Помогло. Следующий полевой сезон, 1997 года, был уже полноценным, и в марте экспедиция собралась в Каире. Я познакомился с ее членами, подружился с ними.

В многочисленных разговорах с археологами не обошлось, конечно, и без обсуждения достижений российской египтологии. Тут-то Томашевич и спросила:

– Володя, а что вам известно о профессоре Викентьеве?

Я признался, что очень немного, – лишь то, что рассказал о нем в предыдущих главах: много лет преподавал в Каирском университете, похоронен в «русском склепе» на греческом православном кладбище в Старом Каире. Как выяснилось, Томашевич собирала материалы для научного доклада о Викентьеве, и кое-что ей удалось найти в отечественных архивах – преимущественно о том времени, когда он еще жил в России. Тут уже я проявил живой интерес, и Томашевич обещала познакомить меня с докладом, когда он будет готов.

В январе следующего, 1998 года в Каир приехал на гастроли Государственный академический ансамбль народного танца под руководством Игоря Моисеева. Когда выступления ансамбля в Каирском оперном театре подходили к концу, я решил встретиться с великим маэстро.

Пока шел концерт, Игорь Александрович за сценой занимался любимым делом – играл в шахматы с кем-то из своих сотрудников. За пару дней до этого, 21 января, ему исполнилось 92 года, и египтяне под гром аплодисментов публики выкатили на сцену огромный торт со свечами. Я робко представился. Моисеев отложил шахматы, поправил свой неизменный берет и сказал:

– Ну что же, я к вашим услугам.

Первым дедом я спросил маэстро, бывал ли он раньше в Египте.

– Да, трижды, – ответил Игорь Александрович. – В первый раз – в 1957 году. Между прочим, познакомился тогда с интереснейшим человеком – египтологом Александром Николаевичем Пьянковым. Он ходил буквально на все наши концерты. Пьянков водил меня в Египетский музей, причем читал древнеегипетские иероглифы так же легко, как мы с вами читаем газету. Потом посоветовал обязательно съездить в Луксор, посмотреть гробницу Тутанхамона. Я его послушал. Ведь именно Пьянков расшифровал иероглифы в этой гробнице.

О Пьянкове я слышал и раньше, но знал о нем ровно столько, сколько было написано в солидном американском путеводителе по Египту «Блю гайд»: «Пьянков Александр, русский (1897–1966). Специализировался в области филологии и религии. Предложил новую концепцию понимания текстов в гробнице Тутанхамона».

– Как же Пьянков попал в Египет? – спросил я у Моисеева.
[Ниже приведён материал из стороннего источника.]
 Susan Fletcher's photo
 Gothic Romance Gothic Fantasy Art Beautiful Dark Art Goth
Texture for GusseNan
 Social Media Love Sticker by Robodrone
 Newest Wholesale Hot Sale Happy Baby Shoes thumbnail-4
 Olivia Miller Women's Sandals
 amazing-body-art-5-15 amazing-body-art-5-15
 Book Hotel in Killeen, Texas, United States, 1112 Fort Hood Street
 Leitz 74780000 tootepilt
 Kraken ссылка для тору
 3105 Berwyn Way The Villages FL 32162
– Во время революции 1917 года он был во Франции, – ответил Игорь Александрович. – Когда начинается революция, то обычно со всеми, кто находится за границей, происходит одно и то же. Это я слышал от многих. Они не поняли, что это революция, решили, что это просто какой-то военный бунт. Пройдет – и мы вернемся. Ну а позже Пьянков перебрался из Франции в любимый им Египет.
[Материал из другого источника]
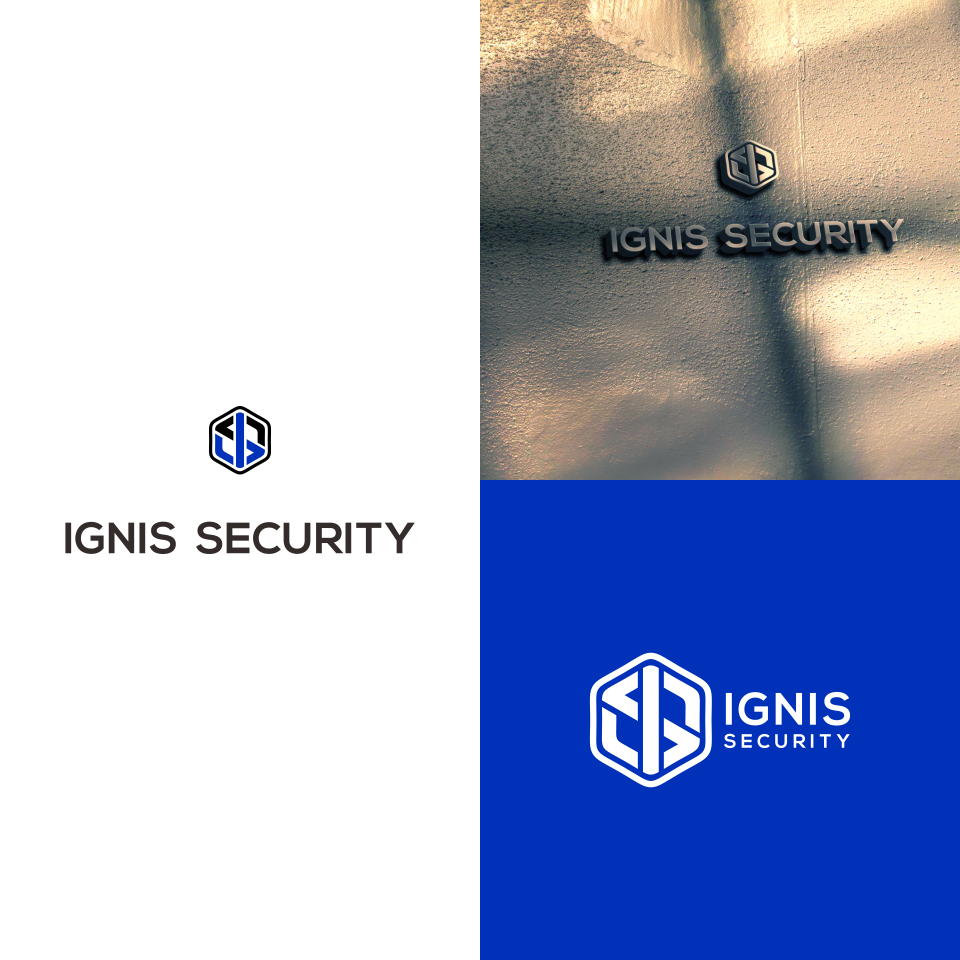Logo Design by bernadif 2 for this project | Design #20690886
– И что, даже не думал вернуться на родину?

– Не только думал, но и мечтал, как многие эмигранты. Когда он просился, его не пускали. После смерти Сталина ему разрешили вернуться. Ведь такой ученый мог бы Россию только украсить. Но Александр Николаевич не поехал. «Я уже старый, я уже никому там не нужен, – говорил он мне. – Теперь уже перегорело все».

Рассказ Моисеева раззадорил меня, и я отправился в расположенный неподалеку от корпункта Немецкий археологический институт. Спросил о Пьянкове его директора, профессора Райнера Штадельмана.

– Пьянков был не просто хорошим ученым, – живо откликнулся Штадельман. – Он был выдающимся исследователем. Ему мы обязаны переводом и комментариями текстов, начертанных на стенах царских гробниц.

– А можно мне поискать в библиотеке института материалы о Пьянкове?

– Конечно!

В библиотеке я нашел многочисленные труды Пьянкова и несколько статей о нем. Они стали хорошим дополнением к тому, что рассказал мне Игорь Моисеев. Так сложилась стройная картина нелегкой судьбы русского ученого, оказавшегося не по своей воле вдали от Родины.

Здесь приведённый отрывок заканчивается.